## Problem description
Every line from the one bearing "this 380×253 image." through the last line of the records below is to be output exactly, and no other line; leave out the pictures.

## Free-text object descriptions
____________________

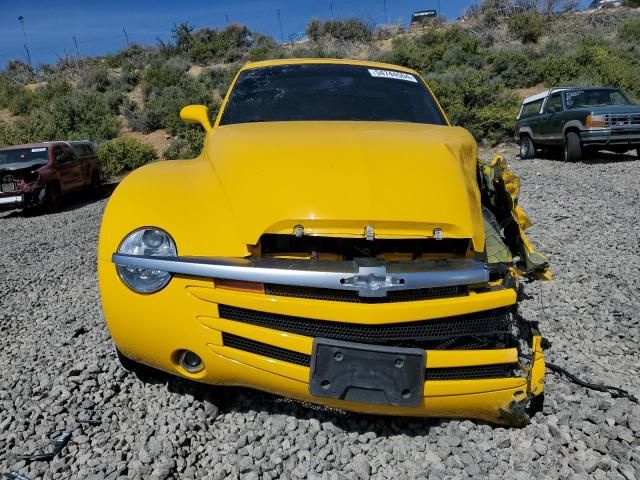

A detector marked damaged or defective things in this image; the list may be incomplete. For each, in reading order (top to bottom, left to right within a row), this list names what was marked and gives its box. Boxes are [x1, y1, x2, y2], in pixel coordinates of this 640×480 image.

red damaged car [0, 140, 102, 213]
crumpled hood [208, 122, 482, 249]
broken headlight assembly [116, 228, 176, 292]
damaged front bumper [104, 253, 544, 426]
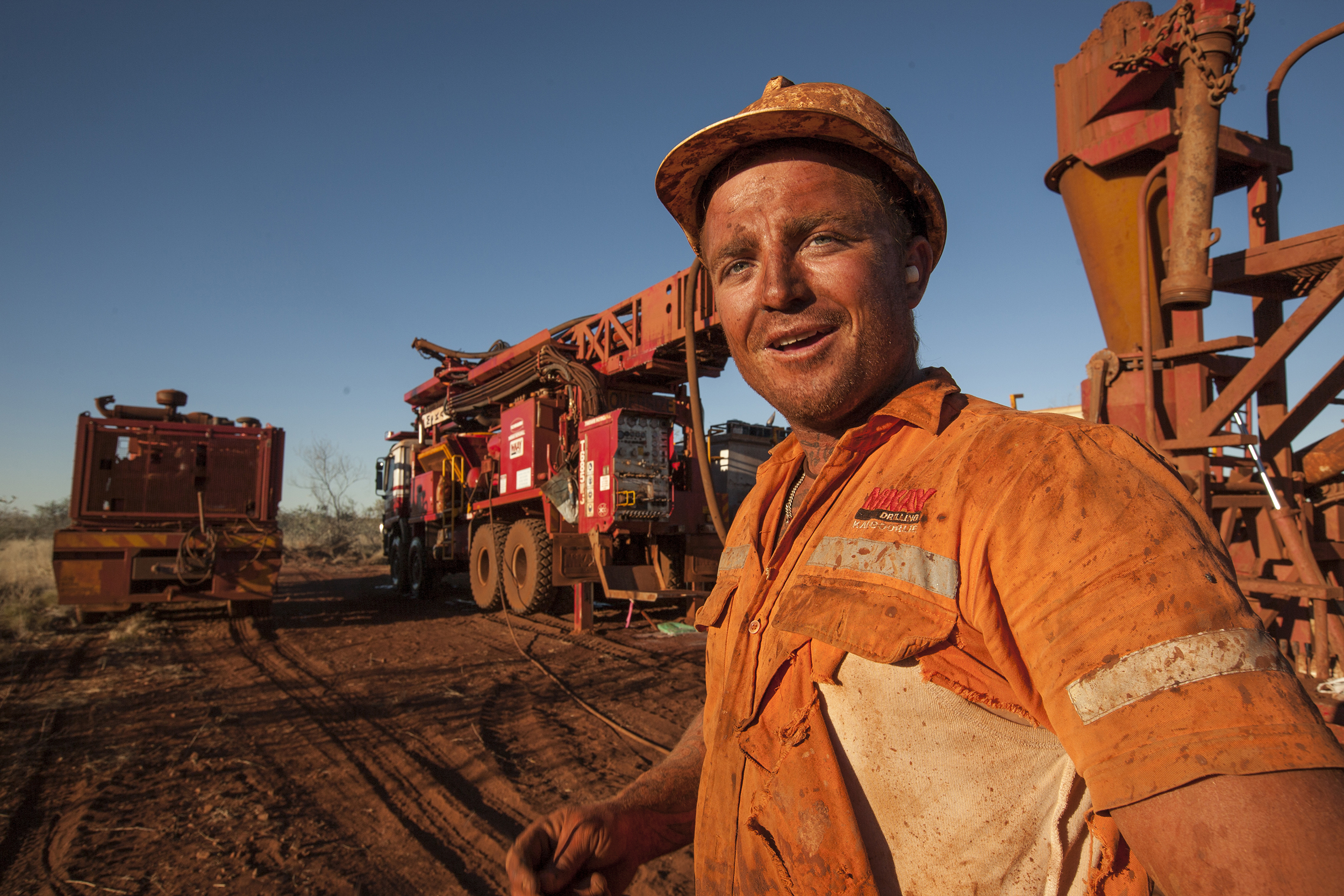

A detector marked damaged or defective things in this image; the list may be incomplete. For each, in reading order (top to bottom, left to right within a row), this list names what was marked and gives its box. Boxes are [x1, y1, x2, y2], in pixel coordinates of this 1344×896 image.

rusted machinery [54, 391, 284, 623]
rusted machinery [378, 266, 740, 623]
rusted machinery [1049, 3, 1342, 679]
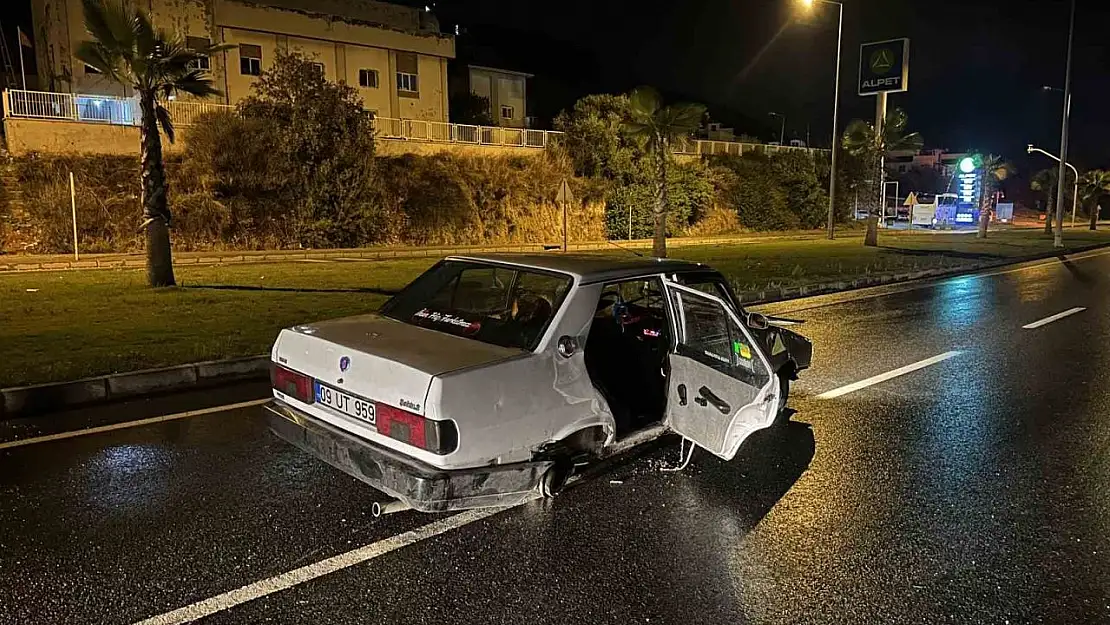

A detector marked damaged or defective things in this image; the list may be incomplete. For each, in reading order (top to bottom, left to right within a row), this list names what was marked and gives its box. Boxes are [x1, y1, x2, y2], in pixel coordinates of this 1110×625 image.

damaged white car [264, 252, 812, 512]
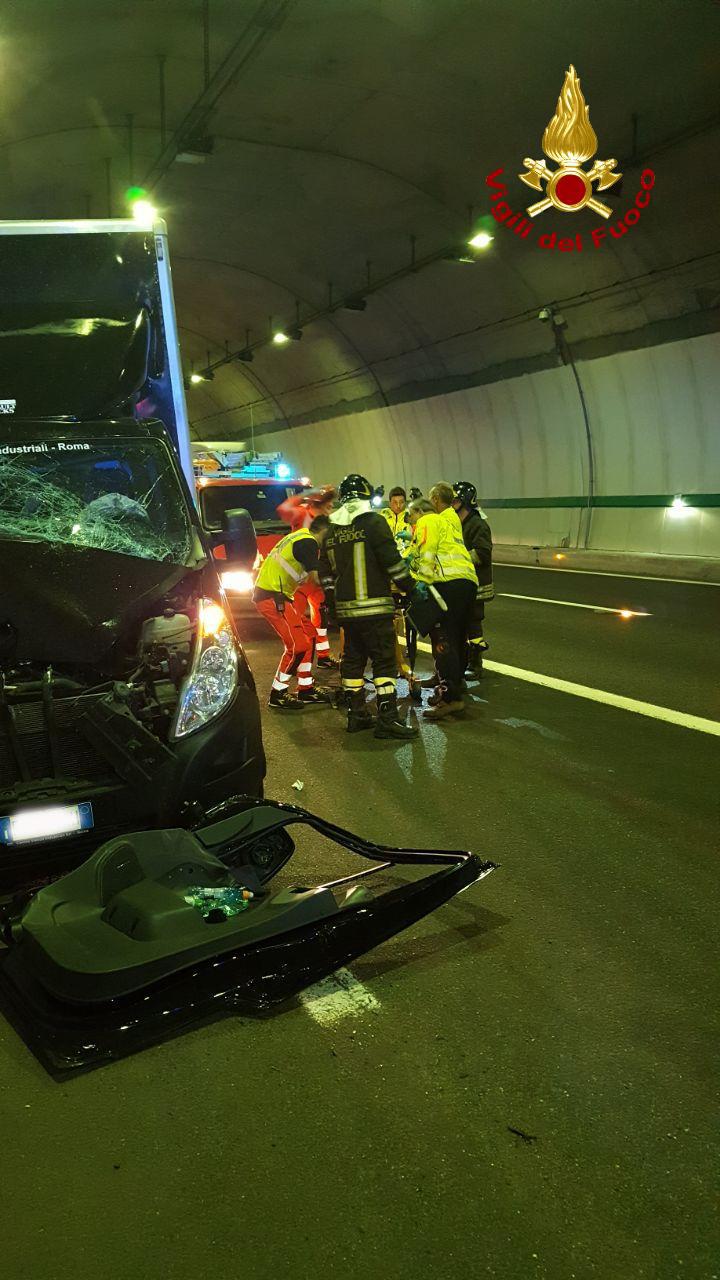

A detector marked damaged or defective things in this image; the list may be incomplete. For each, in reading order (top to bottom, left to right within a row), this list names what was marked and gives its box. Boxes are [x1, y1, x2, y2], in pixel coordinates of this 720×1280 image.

shattered windshield [0, 437, 192, 563]
cracked windshield glass [0, 440, 192, 560]
damaged black van [0, 422, 265, 890]
detached black bumper [0, 798, 491, 1080]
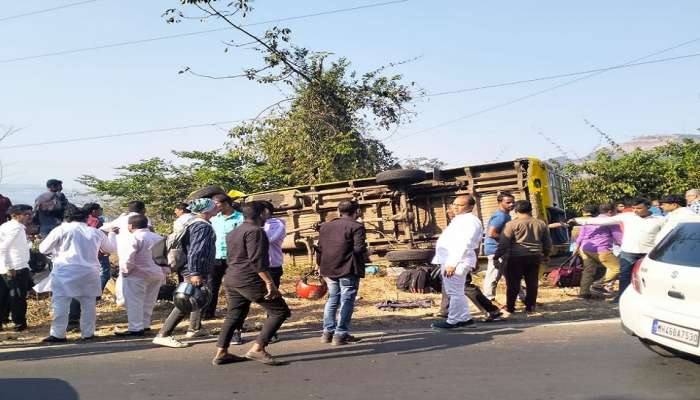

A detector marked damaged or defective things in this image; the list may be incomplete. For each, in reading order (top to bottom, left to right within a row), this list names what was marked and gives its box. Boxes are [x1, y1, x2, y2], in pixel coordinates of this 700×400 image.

overturned bus [243, 158, 572, 268]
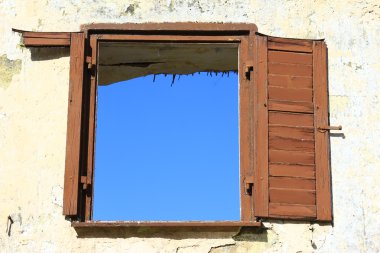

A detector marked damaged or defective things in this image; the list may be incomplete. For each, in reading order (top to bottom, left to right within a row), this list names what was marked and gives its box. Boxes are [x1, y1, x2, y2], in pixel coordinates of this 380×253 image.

peeling paint [0, 54, 21, 88]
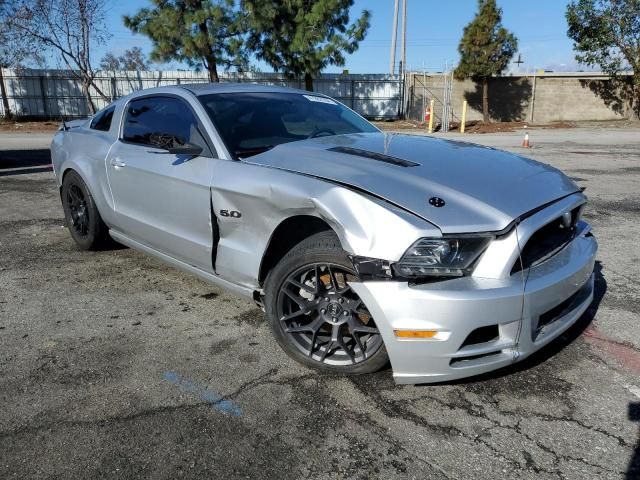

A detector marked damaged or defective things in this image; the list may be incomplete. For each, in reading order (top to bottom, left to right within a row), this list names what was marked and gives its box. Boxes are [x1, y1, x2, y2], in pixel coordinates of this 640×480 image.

____________________

## Expected answer
A detector marked damaged or defective things in this image; the list may be incomplete. For each, in reading order (top to bottom, left to right within a row), this list names what was marked and gives its box. Boxes are [x1, y1, x2, y2], in pixel coordinates of this 380×253 image.

peeling paint [0, 54, 21, 88]

A detector marked damaged or defective things in this image; the list may be incomplete. For each, in reading order (top to bottom, left to right within a row), this list names what was marked and gives its box. Boxes are [x1, y1, x2, y2], in pixel coordinates of this 640×480 image.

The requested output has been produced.